Pour contrer ceux qui s’insurgeaient de voir une Coupe du monde organisée dans un pays qui se moque des droits humains et sociaux, l’argument de la fédération internationale était de dire que ce genre d’événements était un accélérateur du progrès. Entre novembre et décembre, le Qatar n’a cessé d’affirmer qu’il accueillait tout le monde, que personne n’aurait de problème quelle que soit son identité. Ainsi, pendant un mois, les femmes ont pu déambuler dans le souk sans s’inquiéter de porter un short trop court, une ex-Miss Croatie a fait le tour des réseaux sociaux en bikini, et le streaker-militant s’étant introduit sur la pelouse au milieu du match Portugal-Uruguay avec un drapeau arc-en-ciel s’en est tiré avec un renvoi en Italie. Tant d’images laissant penser que les mœurs se sont allégées et donnant à voir un pays moins traditionnaliste qu’il ne l’est en réalité. Pourtant, tout cela est trop sporadique pour mesurer concrètement l’impact que ce mois de libertés aura sur la société qatarie. « On a parlé des droits humains, on a parlé des droits des personnes LGBTQI+, on a vu des équipes nationales qui ont tenté de faire connaître leur position et leurs préoccupations sur les droits humains, note Lola Schulmann. Malheureusement, l’affaire du brassard One Love l’a bien montré : il n’y a eu aucune anticipation. Le geste de l’Allemagne main devant la bouche va rester dans les mémoires, il y a eu des tentatives intéressantes, mais elles ont été éclipsées à la mesure que la compétition avançait. »

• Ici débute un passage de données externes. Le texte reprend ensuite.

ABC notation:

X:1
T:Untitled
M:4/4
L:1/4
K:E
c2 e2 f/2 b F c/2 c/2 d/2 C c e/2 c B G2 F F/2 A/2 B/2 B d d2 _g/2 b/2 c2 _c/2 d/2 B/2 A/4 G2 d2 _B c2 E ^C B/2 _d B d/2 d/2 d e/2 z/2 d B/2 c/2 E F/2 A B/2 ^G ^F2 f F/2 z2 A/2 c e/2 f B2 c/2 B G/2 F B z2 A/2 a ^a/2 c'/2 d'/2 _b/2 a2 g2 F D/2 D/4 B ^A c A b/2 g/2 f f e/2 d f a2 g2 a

Dans tout tissu social, même dans un état autoritaire, chaque événement amène des questionnements en interne. L’avenir est difficile à prévoir, notamment dans des sociétés noyautées par des conservateurs, mais il pourrait y avoir des changements sur la durée venant d’en bas.

Mettre Doha là où ça fait mal

Encore une fois, c’est lorsque les reflets dorés de la Coupe du monde auront disparu que tout ce que le régime a pu mettre sous le tapis le temps d’un automne ressortira, que les choses pourront être jugées. « Pour de nombreux Qataris, il va y avoir un logique retour à l’ennui. L’esprit Coupe du monde a rendu la vie de nombreux Qatariens intensive, et elle va redevenir monotone, pointe Raphaël Le Magoariec, anticipant déjà le nombre de dépressions. Cependant, il faut comprendre que dans tout tissu social, même dans un état autoritaire, chaque événement amène des questionnements en interne. L’avenir est difficile à prévoir, notamment dans des sociétés noyautées par des conservateurs, mais il pourrait y avoir des changements sur la durée venant d’en bas. Il y a eu à Doha une concentration de populations aux destins opposés, avec une diffusion des idées, des échanges, et cela pourra pousser certains à reconsidérer les choses par rapport à leur société d’origine. » Il ne faudra pas s’attendre à voir le pays dans la liste des pays les plus gay-friendly du monde, mais l’idée que les différences existent et peuvent être acceptées peut infuser. Sur une terrasse de Doha, le Saoudien Zyed expliquait le temps de finir sa bière à quel point les mentalités évoluaient dans la région, d’une génération à l’autre, malgré la présence du wahhabisme. « Depuis quelques années, je vois la société saoudienne changer, assure ce jeune consultant en finances. Moi par exemple, ma famille me laisse choisir la fille que j’ai envie d’épouser. Mon père m’a dit :« Ce choix, je ne l’avais pas à ton âge. »Pour que la mue se fasse, il faut qu’on y aille petit à petit, step by step. Sinon, si tu sautes trop loin, tu as le risque de retomber encore plus en arrière qu’avant. » Mais d’ici là, Gianni Infantino sera déjà occupé à préparer le terrain de la future plus belle Coupe du monde de l’histoire… en Amérique du Nord.